I always respond that a straight line distance is as good as any other when investigating relationships on a coarse scale. Inevitably, audiences are never convinced.
A new paper came out today, “Methods to measure potential spatial access to delivery care in low- and middle-income countries: a case study in rural Ghana” which compared the Euclidean measure with a number of more complex measurements.
The conclusion confirmed what I already knew, that the Euclidean measure is just as good in most cases, and the pain and cost of producing sexy and complicated ways of calculating distance just isn’t worth it.
It’s a pretty decent paper, but I wish they had put some graphs in to illustrate their points. It would be good to see exactly where the measures disagree.
Access to skilled attendance at childbirth is crucial to reduce maternal and newborn mortality. Several different measures of geographic access are used concurrently in public health research, with the assumption that sophisticated methods are generally better. Most of the evidence for this assumption comes from methodological comparisons in high-income countries. We compare different measures of travel impedance in a case study in Ghana’s Brong Ahafo region to determine if straight-line distance can be an adequate proxy for access to delivery care in certain low- and middle-income country (LMIC) settings.

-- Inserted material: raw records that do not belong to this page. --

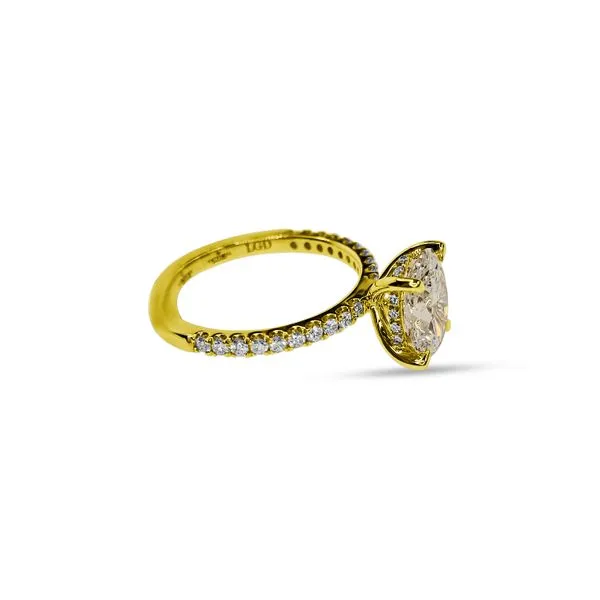 2.04ct Oval Cut Lab Grown Diamond Ring Image 2 Victoria Jewellers REGINA, SK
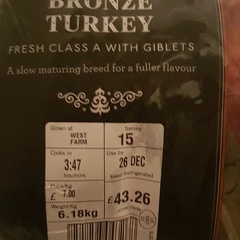 Will a 6kg turkey be enough for two people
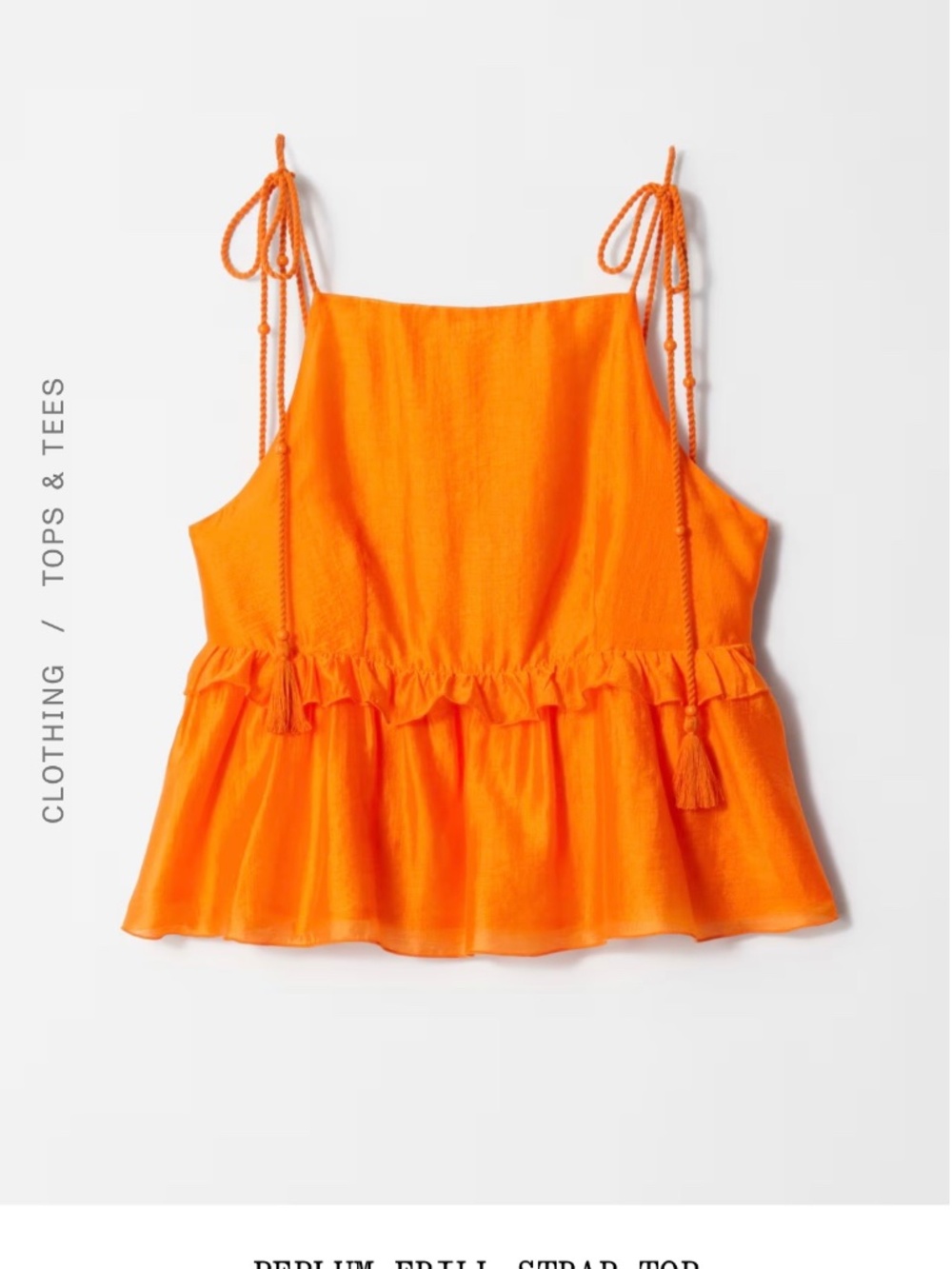 Peplum Top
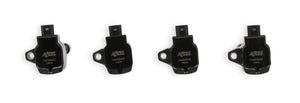 ACCEL IGNITION COILS - 2015-2020 HONDA CIVIC 2.0L, 2.0L TURBO AND FIT 1.5L 4-CYLINDER, BLACK, 4-PACK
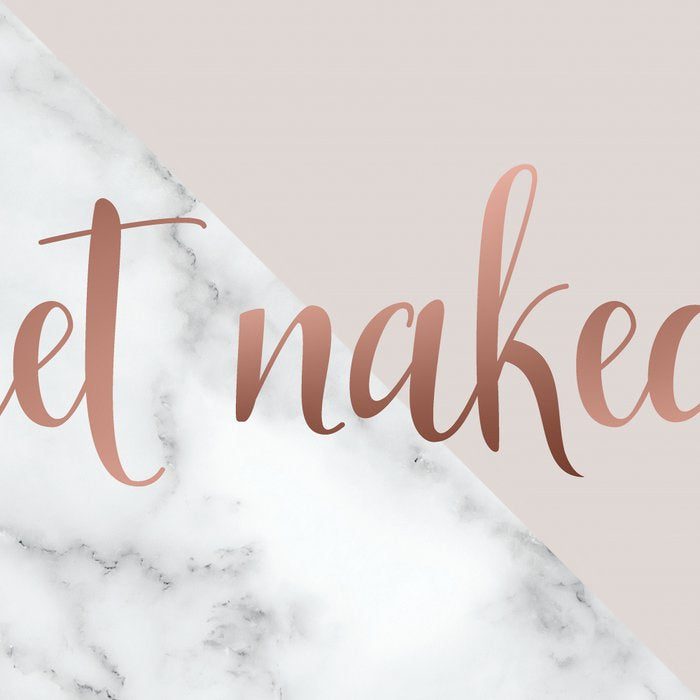 Get Naked, Bathroom Art, Rose Gold, Blush Pink, Marble Coffee Mug Gallery Image 2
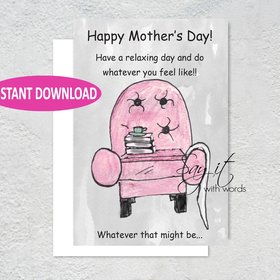 Digital Mother's Day card, Mother's Day wishes, Greeting card for Mom, Mother's Day Card, Downloadable digital greeting card for Mom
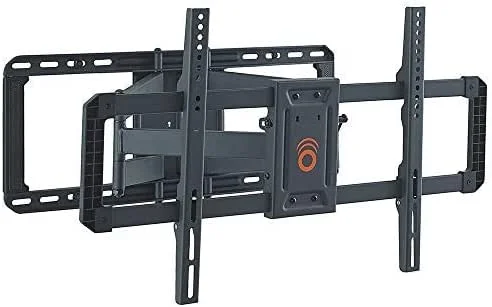 ECHOGEAR Full rörelse lutning och svängbar TV-väggfäste för de flesta 42-80 tum LED, LCD, OLED, böjd och plasma plattskärm TV med VESA-mönster upp till 600 x 400-22 tum förlängning – EGLF2-B2 — TV och streaming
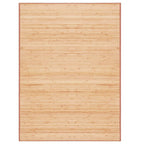 VidaXL Tapijt 160x230 cm bamboe bruin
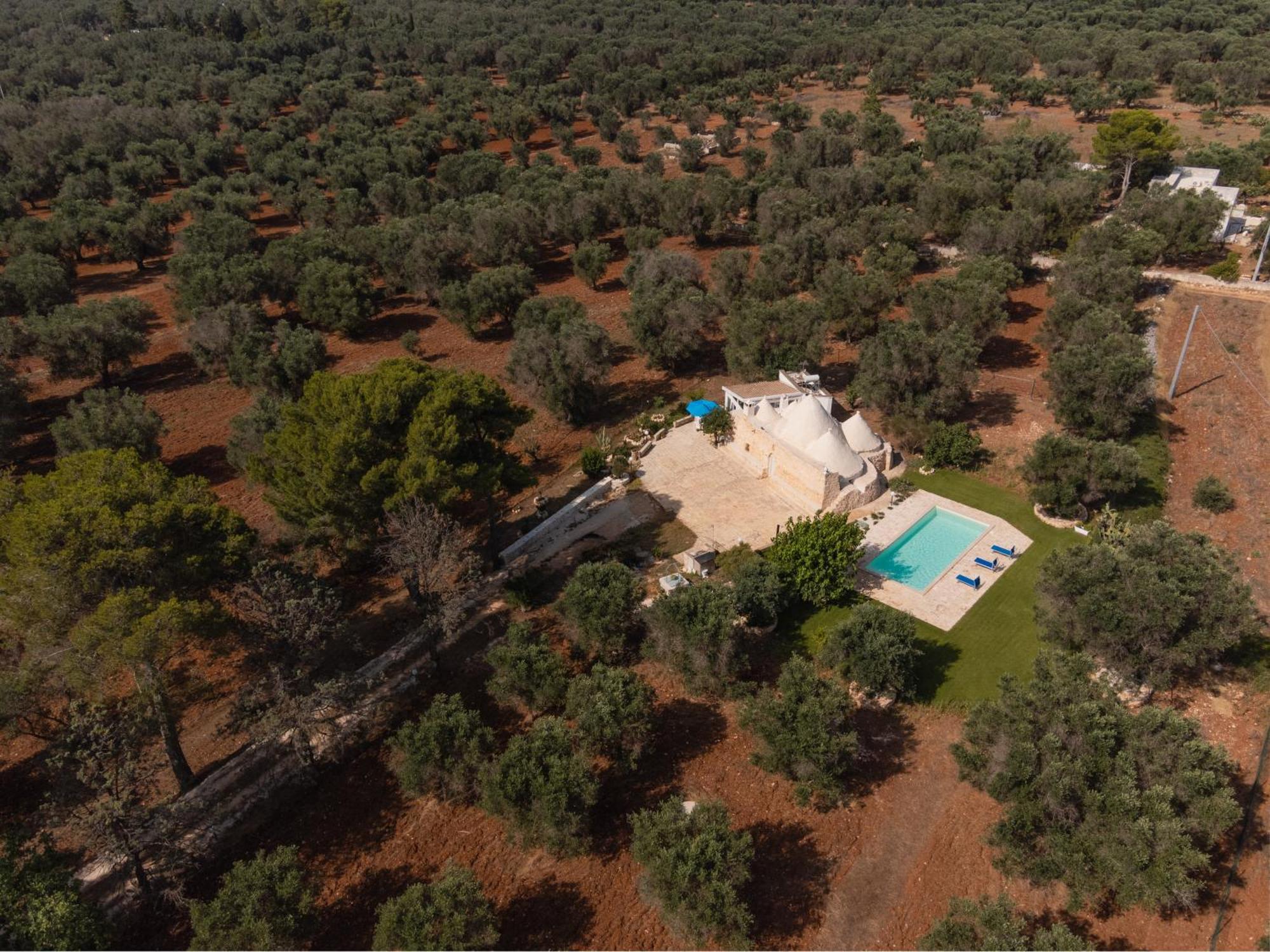 Апартаменты Trullo Tarantini Con Piscina Privata Latiano Экстерьер фото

We created a geospatial database, mapping population location in both compounds and village centroids, service locations for all health facilities offering delivery care, land-cover and a detailed road network. Six different measures were used to calculate travel impedance to health facilities (straight-line distance, network distance, network travel time and raster travel time, the latter two both mechanized and non-mechanized). The measures were compared using Spearman rank correlation coefficients, absolute differences, and the percentage of the same facilities identified as closest. We used logistic regression with robust standard errors to model the association of the different measures with health facility use for delivery in 9,306 births.
Non-mechanized measures were highly correlated with each other, and identified the same facilities as closest for approximately 80% of villages. Measures calculated from compounds identified the same closest facility as measures from village centroids for over 85% of births. For 90% of births, the aggregation error from using village centroids instead of compound locations was less than 35 minutes and less than 1.12 km. All non-mechanized measures showed an inverse association with facility use of similar magnitude, an approximately 67% reduction in odds of facility delivery per standard deviation increase in each measure (OR = 0.33).
Different data models and population locations produced comparable results in our case study, thus demonstrating that straight-line distance can be reasonably used as a proxy for potential spatial access in certain LMIC settings. The cost of obtaining individually geocoded population location and sophisticated measures of travel impedance should be weighed against the gain in accuracy.